TASK PROMPT: Leave out every picture and set down, exactly, the lines below from the one holding "jumped to here, put" up to and including the one holding "Then, using the".

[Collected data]
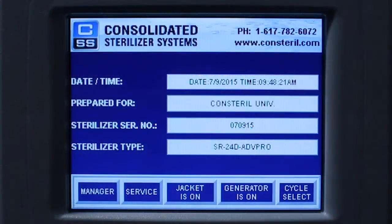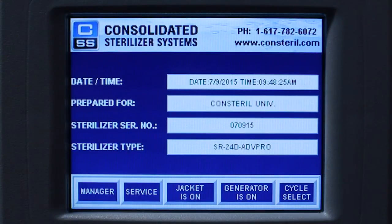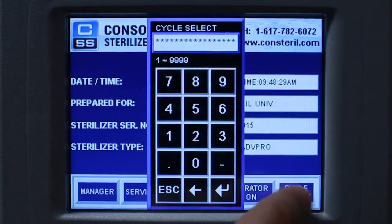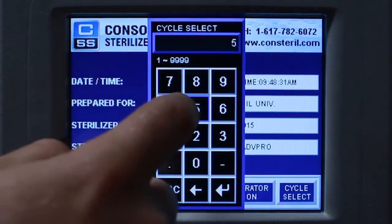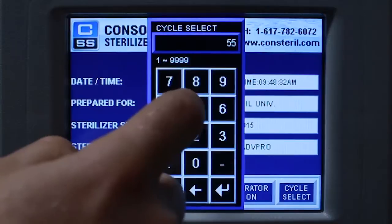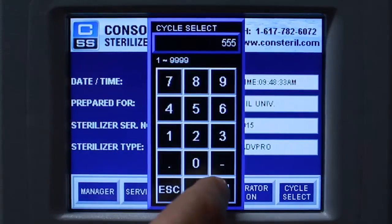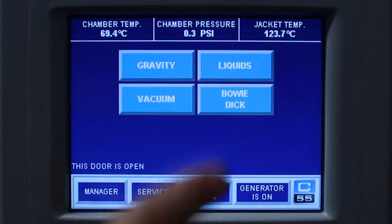To run a Bowie DIC or air removal test cycle on the Advantage Pro control system, press the cycle select button on the main menu. Enter your operator passcode on the number keypad and press the enter key. Select the Bowie DIC cycle.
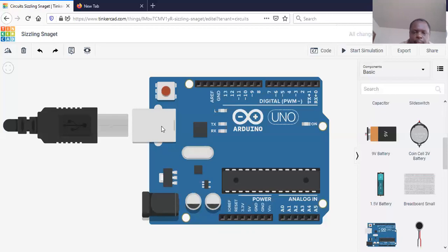You can also use the USB for uploading programs — that's another main function. When you write a program on your computer, you need to upload it to this board using the USB. There is also a chipset closer to the USB that converts or transforms the USB signal levels to Arduino levels for easy understanding. Then there's an LED here labeled 'L', and please note that this one is usually connected to pin 13 internally.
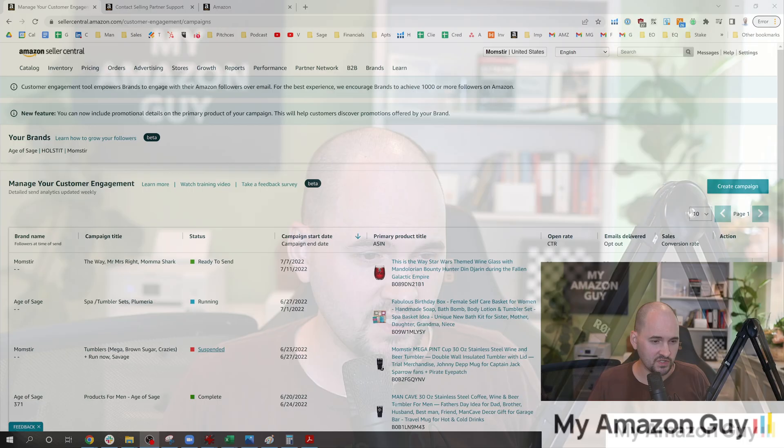Customer engagement campaigns are one of the newest ways you can contact your buyers on Amazon. My name is Stephen Pope. I'm the founder of My Amazon Guy. In this video, I'm going to be talking about how to gain access to this tool because it's quite buggy. Brand registry does not give you immediate access. And more often than not, about 75% of the time we're seeing on our accounts, you have to request access to this tool.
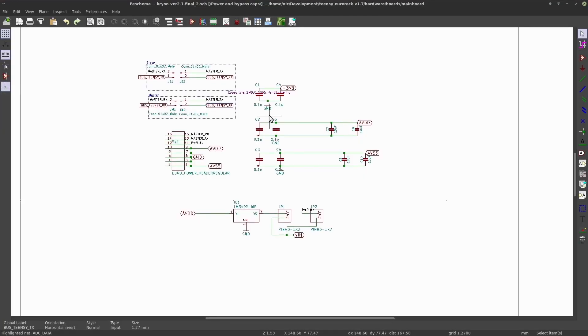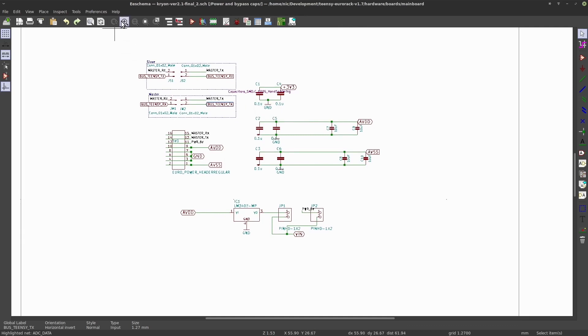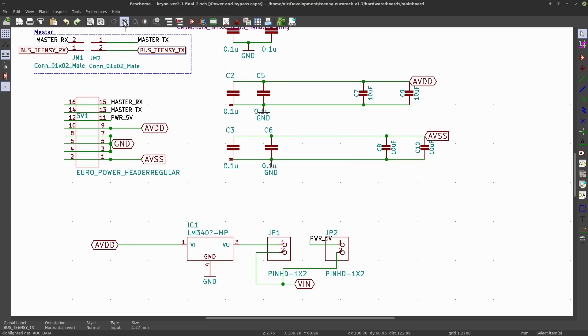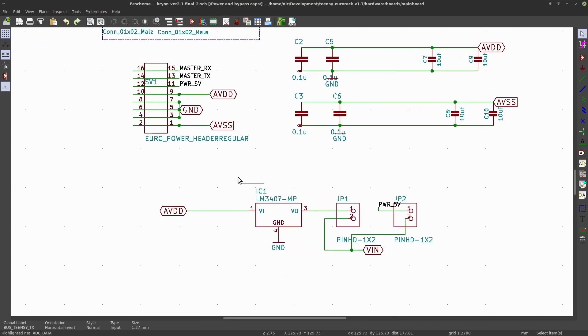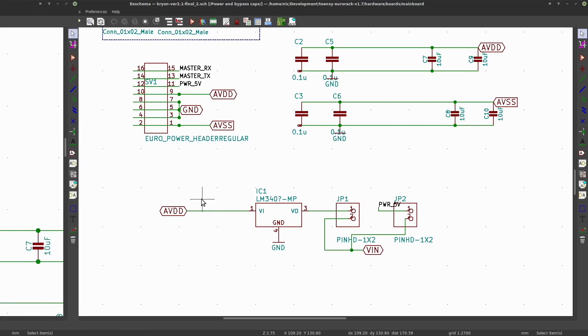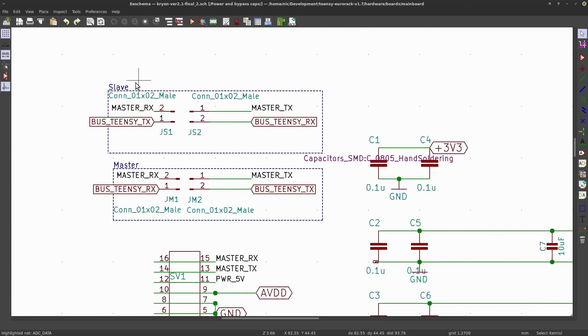In the second sheet we have the 16 pin Eurorack power connector, some bypass capacitors, a 5 volt regulator and some jumper settings to select the external 5 volt V-in source and for the repurposed Eurorack power connector UART pins which we'll discuss in another video.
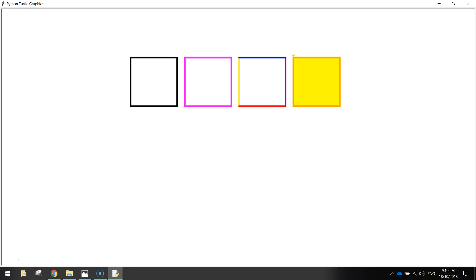In this video, we are going to be drawing ourselves a square using Python code. Now, we're not just going to draw one square, we're actually going to draw four squares. I'm going to do each one a different way. There's multiple ways you can draw in Python, so we're going to have a look at a few of those now. We are going to be using the turtle library as well to draw these up.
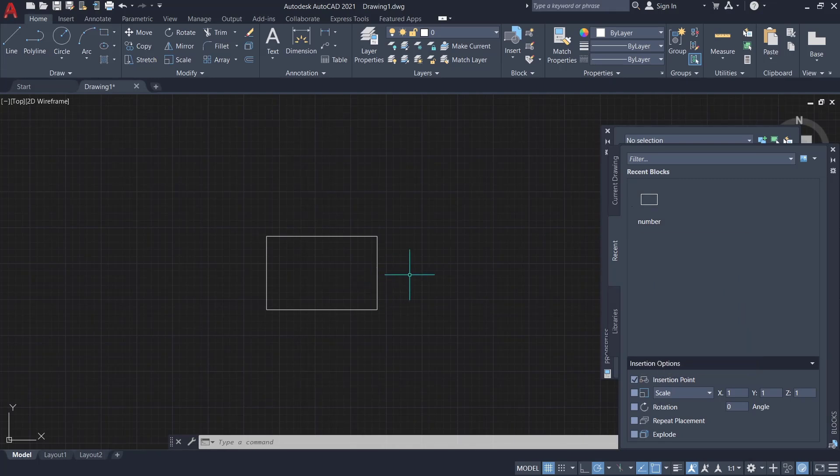Okay, that's it for basic AutoCAD tutorial: how to rename a block. If you have any questions about this tutorial, you can comment below this video.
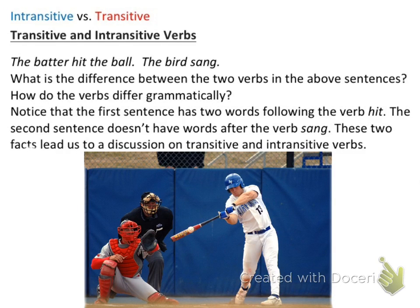Hey guys, welcome to my Samoan language instruction emphatic sentence structure 2. We're just going to be continuing on from the first emphatic sentence structure video and building upon the principles that we learned. We learned how to put phrases together by using tense marker, action, then the doer. We're going to be using that principle and adding to it in this video. But before we can do that, we're going to be reviewing some English.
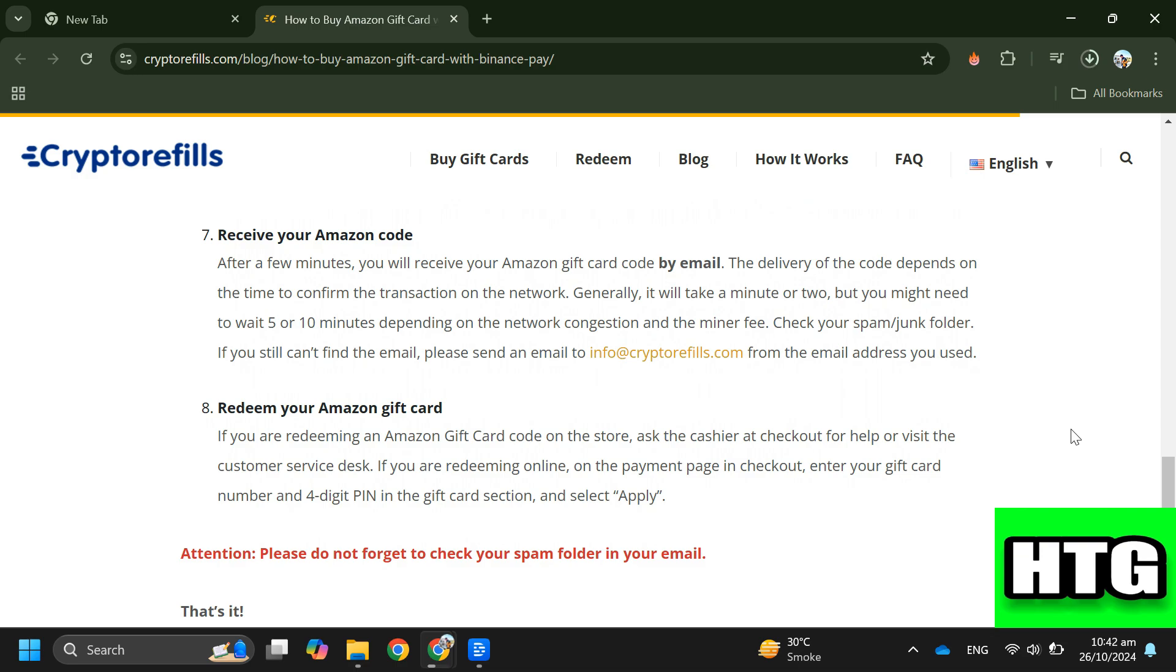Step eight: Redeem your Amazon gift card. If redeeming in store, ask the cashier for help. If redeeming online, enter your gift card number and four-digit PIN at checkout. So that's how you can buy an Amazon gift card from Binance. That's all for this video.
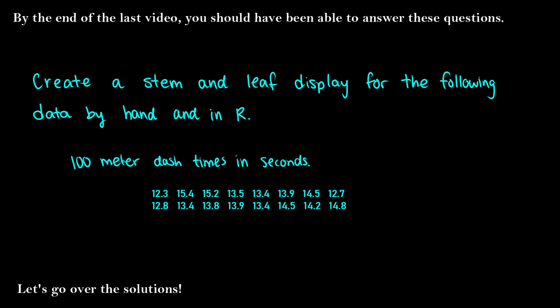In this video, we are going to go over the solutions to the stem and leaf display problem by hand and in R.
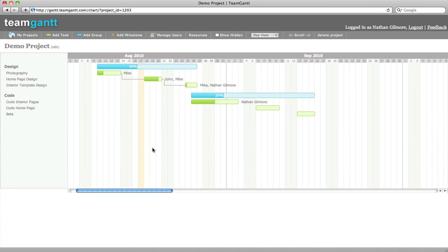Hi, and thanks for checking out Team Gantt. We're going to do a quick overview to show you just how simple and easy it is to use Team Gantt to effectively manage your projects online.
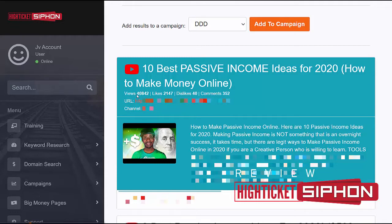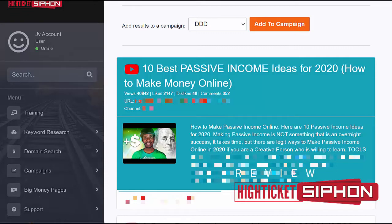Looking at one of these results, this particular video has over 40,000 views, over 2,000 likes, and over 350 comments — making it well worth targeting. This video is clearly getting traffic on a daily basis, and all of that traffic is essentially free apart from buying the domain. A domain costs less than $15, and purchasing it for this video can potentially drive hundreds or even thousands of free, targeted visitors to whatever offer you choose, each and every month.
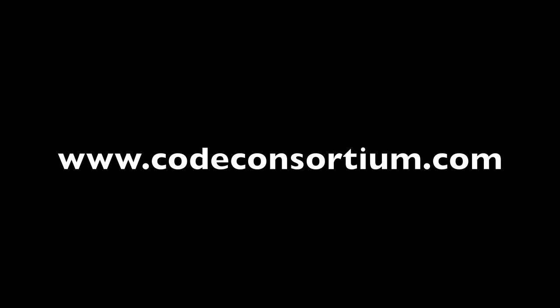Thanks for watching. Be sure to check regularly for the next video in the series of ANSI C tutorials. For further discussion on programming, visit the forum on codeconsortium.com where you can post your questions and advice. Don't forget to comment, rate and subscribe. See you next time.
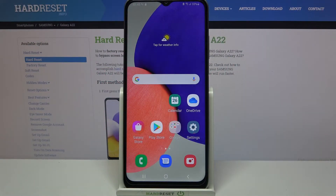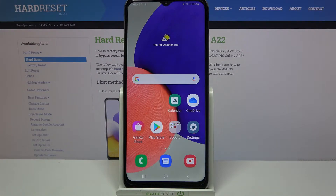Hi! In front of me is Samsung Galaxy A22 and today I would like to show you how you can manage apps permissions on this Samsung.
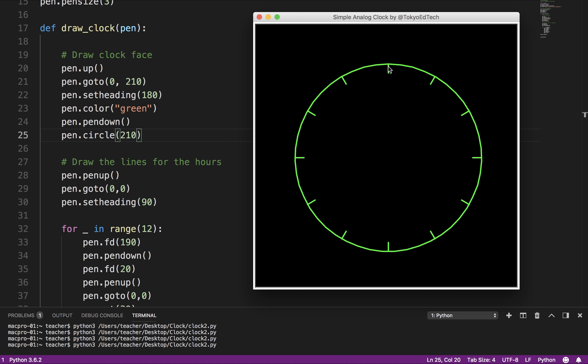jumped to here, put the pen down, drew a line, jumped all the way back down after putting the pen up, turned, jump, draw, jump, turn, draw, and repeated all the way around the circle. Okay.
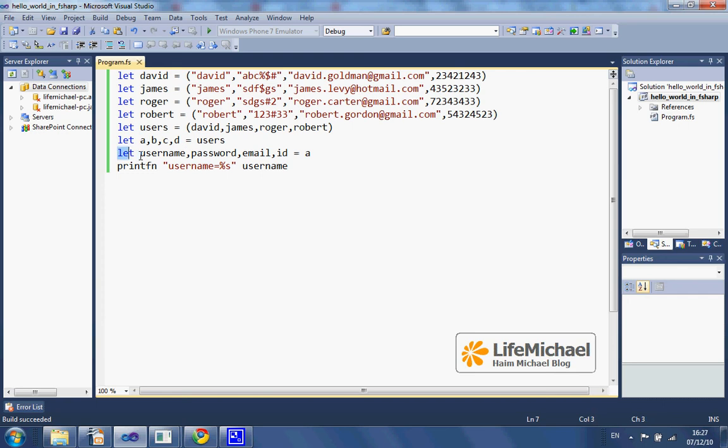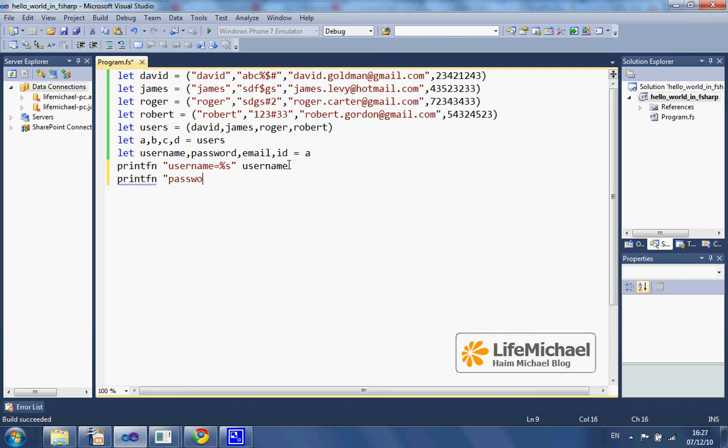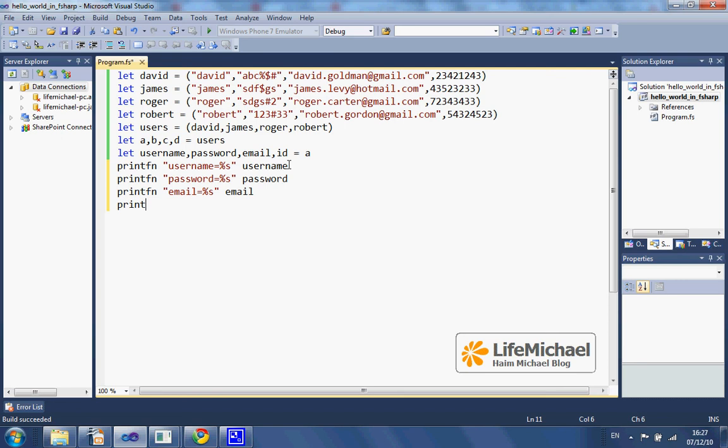Then, using the same technique, I take the tuple that describes David and extract its elements, and print out the username, password, email address, and ID.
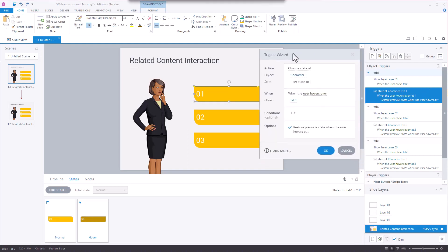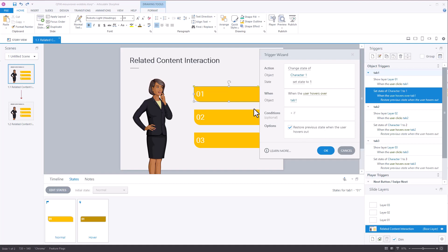So we look at the trigger here. You can see it's going to change the state when the mouse is hovered over. And then you can see this restore previous state when the user hovers out. So if you're not familiar with Storyline, essentially when you hover in or over this object, it's going to change it to state one. And when you're away from that object or out of the object, it's going to change it back to its previous state.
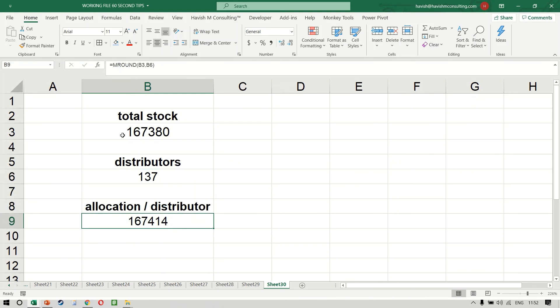For example, in this case, it tells us 167,414 is the number divisible perfectly by 137.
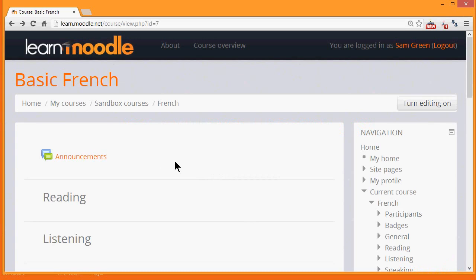There are a number of ways in which your students can access your course. For example, your administrator might enrol them for you, or they might be automatically enrolled from outside Moodle, or they might be able to create their own accounts on the Moodle site and enrol themselves into your course.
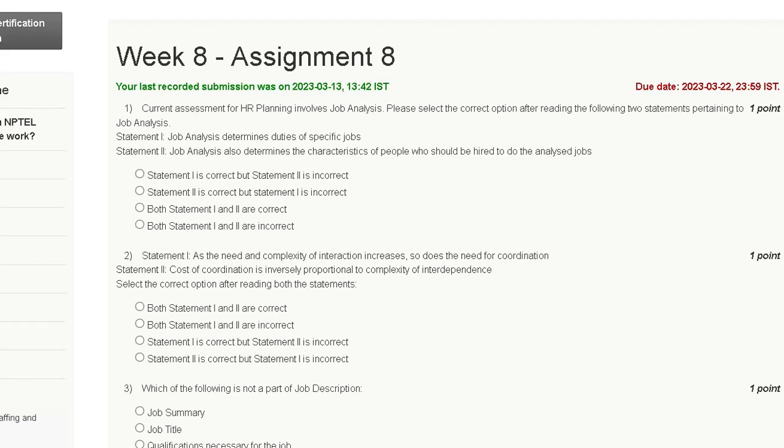Hello friends, welcome to my YouTube channel. In this tutorial video, we are discussing assignment 8 solution of Principles of Management.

RESPONSE BOX:
jumped to here, put the pen down, drew a line, jumped all the way back down after putting the pen up, turned, jump, draw, jump, turn, draw, and repeated all the way around the circle. Okay.
Then, using the same technique, I take the tuple that describes David and extract its elements, and print out the username, password, email address, and ID.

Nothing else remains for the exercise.